As with sub, you must type two backslashes in order to get one into the string. In the replacement text, the sequence `\0' represents the entire matched text, as does the character `&'.

The following example shows how you can use the third argument to control which match of the regexp should be changed:

          $ echo a b c a b c |
          > gawk '{ print gensub(/a/, "AA", 2) }'
          -| a b c AA b c

In this case, $0 is used as the default target string. gensub returns the new string as its result, which is passed directly to print for printing.

If the how argument is a string that does not begin with `g' or `G', or if it is a number that is less than or equal to zero, only one substitution is performed. If how is zero, gawk issues a warning message.

If regexp does not match target, gensub's return value is the original unchanged value of target.

gensub is a gawk extension; it is not available in compatibility mode (see Options).

substr(string, start [, length])

This returns a length-character-long substring of string, starting at character number start. The first character of a string is character number one.³ For example, substr("washington", 5, 3) returns "ing".

If length is not present, this function returns the whole suffix of string that begins at character number start. For example, substr("washington", 5) returns "ington". The whole suffix is also returned if length is greater than the number of characters remaining in the string, counting from character start.

If start is less than one, substr treats it as if it was one. (POSIX doesn't specify what to do in this case: Unix awk acts this way, and therefore gawk does too.) If start is greater than the number of characters in the string, substr returns the null string. Similarly, if length is present but less than or equal to zero, the null string is returned.

The string returned by substr cannot be assigned. Thus, it is a mistake to attempt to change a portion of a string, as shown in the following example:

          string = "abcdef"
          # try to get "abCDEf", won't work
          substr(string, 3, 3) = "CDE"

It is also a mistake to use substr as the third argument of sub or gsub:

          gsub(/xyz/, "pdq", substr($0, 5, 20))  # WRONG

(Some commercial versions of awk do in fact let you use substr this way, but doing so is not portable.)
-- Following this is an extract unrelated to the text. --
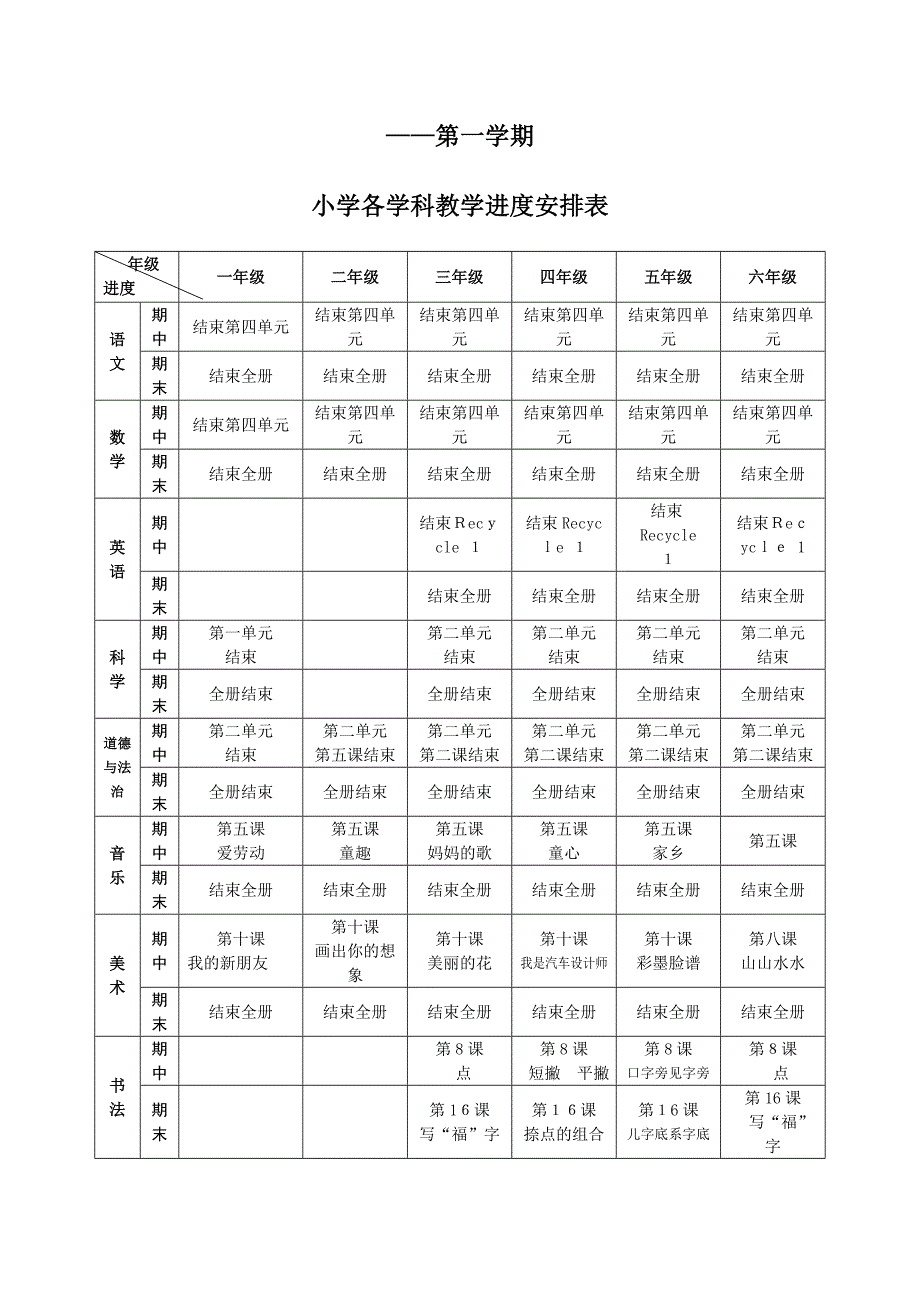 小学各学科教学进度安排表_第1页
If you need to replace bits and pieces of a string, combine substr with string concatenation, in the following manner:

          string = "abcdef"
          ...
          string = substr(string, 1, 2) "CDE" substr(string, 6)

tolower(string)

This returns a copy of string, with each uppercase character in the string replaced with its corresponding lowercase character. Nonalphabetic characters are left unchanged. For example, tolower("MiXeD cAsE 123") returns "mixed case 123".

toupper(string)

This returns a copy of string, with each lowercase character in the string replaced with its corresponding uppercase character. Nonalphabetic characters are left unchanged. For example, toupper("MiXeD cAsE 123") returns "MIXED CASE 123".

Footnotes

[1] Unless you use the --non-decimal-data option, which isn't recommended. See Nondecimal Data, for more information.

[2] Note that this means that the record will first be regenerated using the value of OFS if any fields have been changed, and that the fields will be updated after the substituion, even if the operation is a “no-op” such as `sub(/^/, "")'.

[3] This is different from C and C++, in which the first character is number zero.